My parents have been in town for the past two days, so I’m a bit behind on my blogging. So how about we get back into the swing of things with a little chess news.
Sunday’s New York Times had this article about a protest held in St. Petersburg against the government of Vladimir Putin. The leader of the protest? None other than former world chess champion Garry Kasparov:
The rally was held in advance of local elections scheduled for March 11. Opposition events typically draw no more than several hundred people, but several thousand gathered for the rally in Vosstaniya Square.

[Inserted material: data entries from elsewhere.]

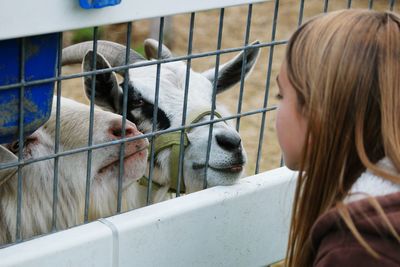 Girl looking at goats in cage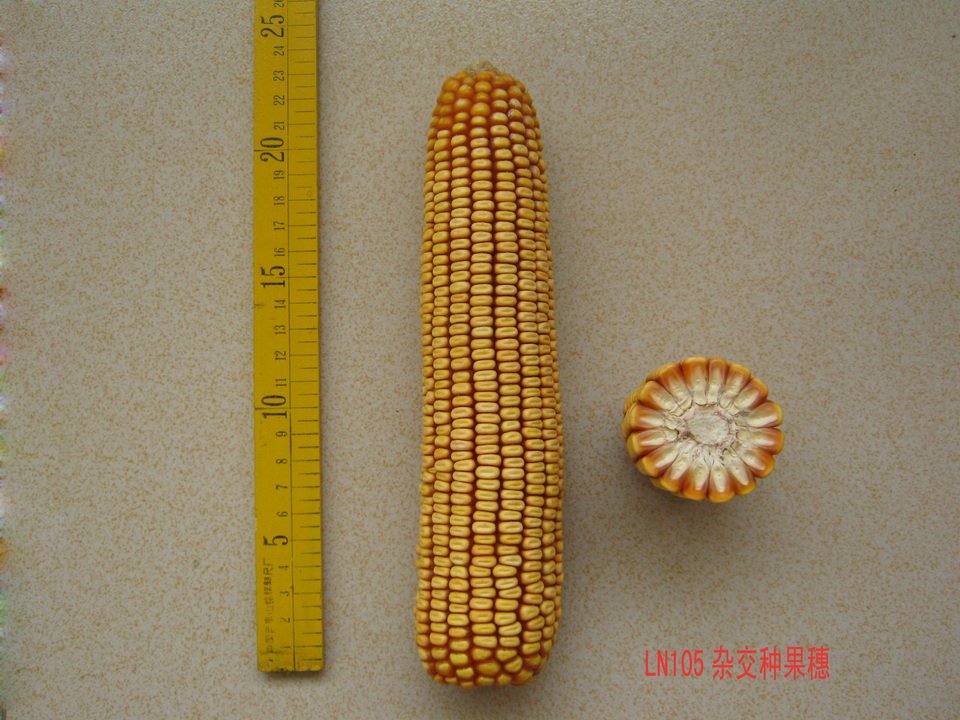 为中国北方粮食产量的增长和改善膳食结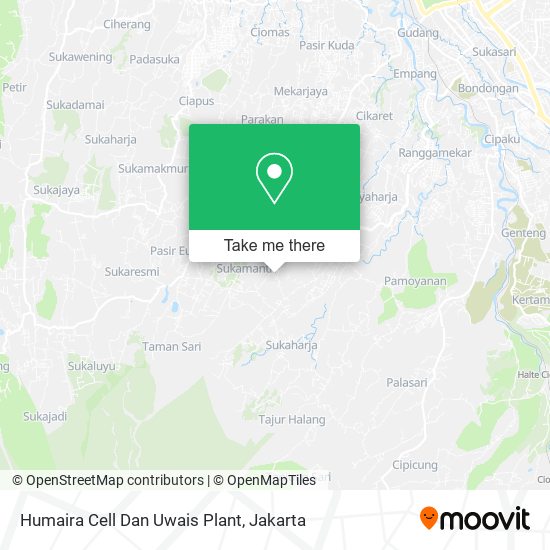 Humaira Cell Dan Uwais Plant map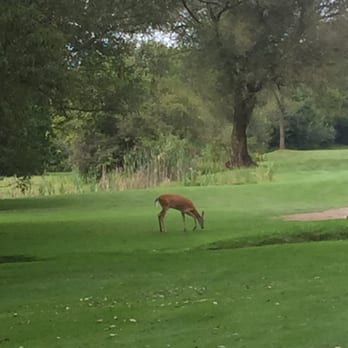 Raisin Valley Golf Club - Saw this while waiting to tee off on the 5th hole. Really quite and beautiful place - Golf Near Me - Tecumseh, Michigan Raisin Valley Golf Club - Saw this while waiting to tee off on the 5th hole. Really quite and beautiful place - Golf Near Me - Tecumseh, Michigan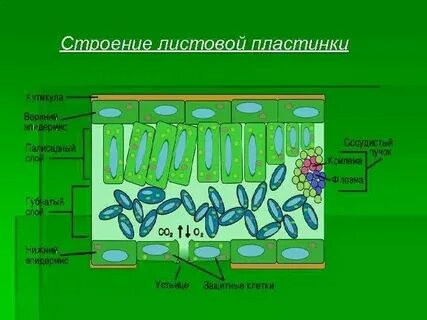 Какие ткани образуют листовую пластинку у сирени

Two leaders of what is left of Russia’s liberal opposition, Garry Kasparov, the former chess champion, and Mikhail A. Kasyanov, a former prime minister, spoke to the crowd. Then the protesters, accompanied by Mr. Kasparov, marched most of the length of the street, pushing through three police cordons as sirens wailed and Interior Ministry riot police scrambled to block their path.

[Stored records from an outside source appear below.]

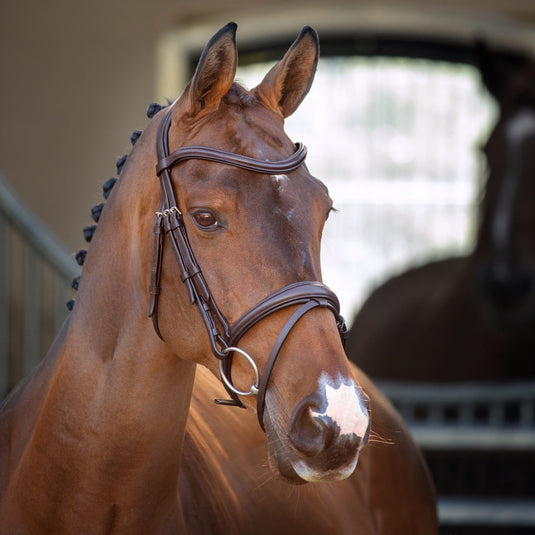 Velociti Lusso Padded Raised Flash Bridle - Ashurst Equestrian & Country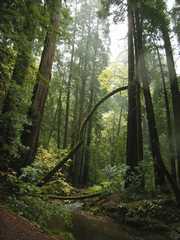 20161030MuirWoods3390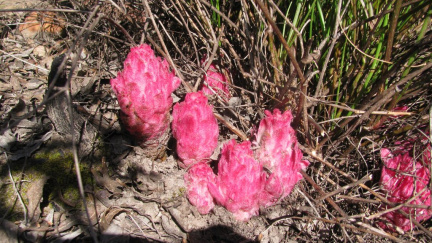Hyobanche sanguinea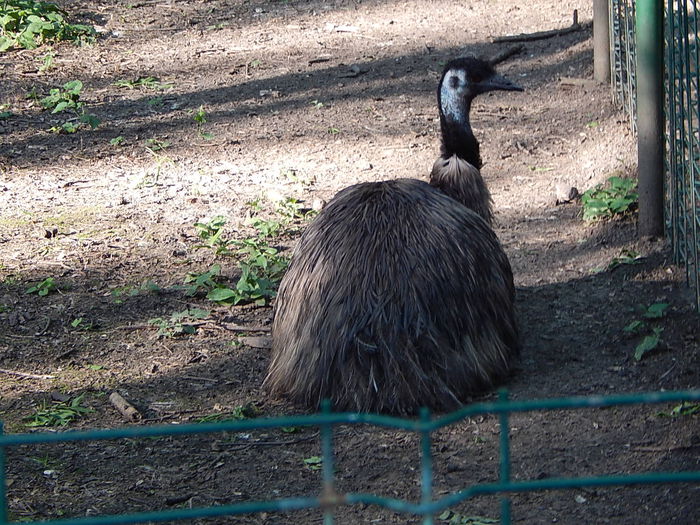 DSCN1055 - Zoo Timisoara 30-05-2015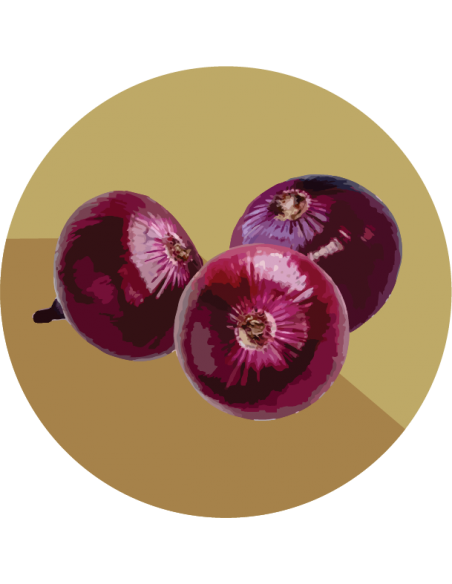 CEBOLLA MORADA Chata de Italia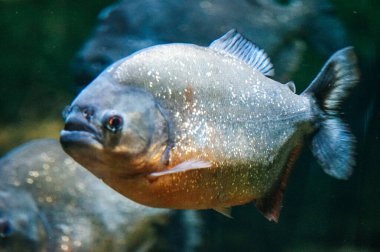 Piranha balığı - yan görünüm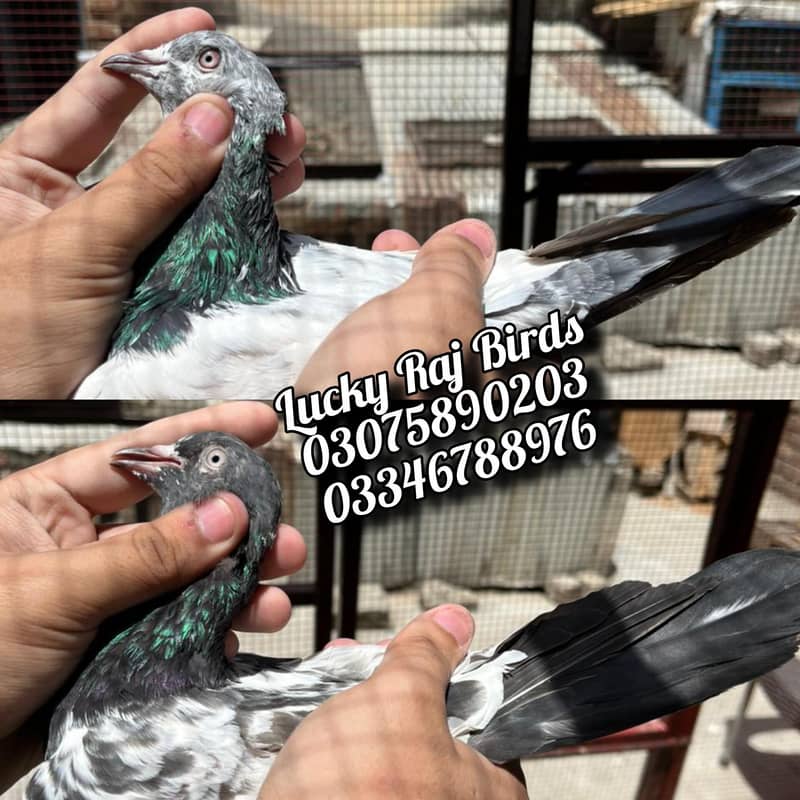 Pigeons 5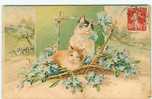 Animaux - Chats - Chat - Cats - Cat - Carte Gaufrée - Fleurs - état - Katzen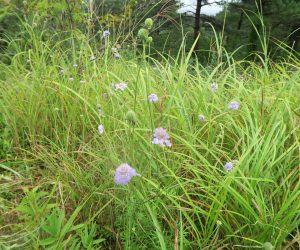 9/10　三平山ログハウスの草原、マツムシソウとススキ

When the police arrived to break up the protest, they left Kasparov alone but arrested the person who spoke after him:
Minutes after Mr. Kasparov spoke and left the area, the police broke up the crowd, first arresting the speaker who had taken Mr. Kasparov’s place.
Mr. Kasparov had handed the bullhorn to Sergey V. Gulayev, a member of an opposition faction in the local legislature in St. Petersburg.
“The government is afraid of the slightest wind,” Mr. Gulayev he told the crowd. “The government is fragile, and afraid, and will collapse with one push.”
As he spoke, riot police shoved through the crowd and grabbed the bullhorn from his hands, smashing it against the wall of a building. A policeman put Mr. Gulayev, grimacing, in a headlock and dragged him into a police vehicle as members of the crowd yelled “Shame! Shame!”
I guess Kasparov is too high profile to drag off in a headlock.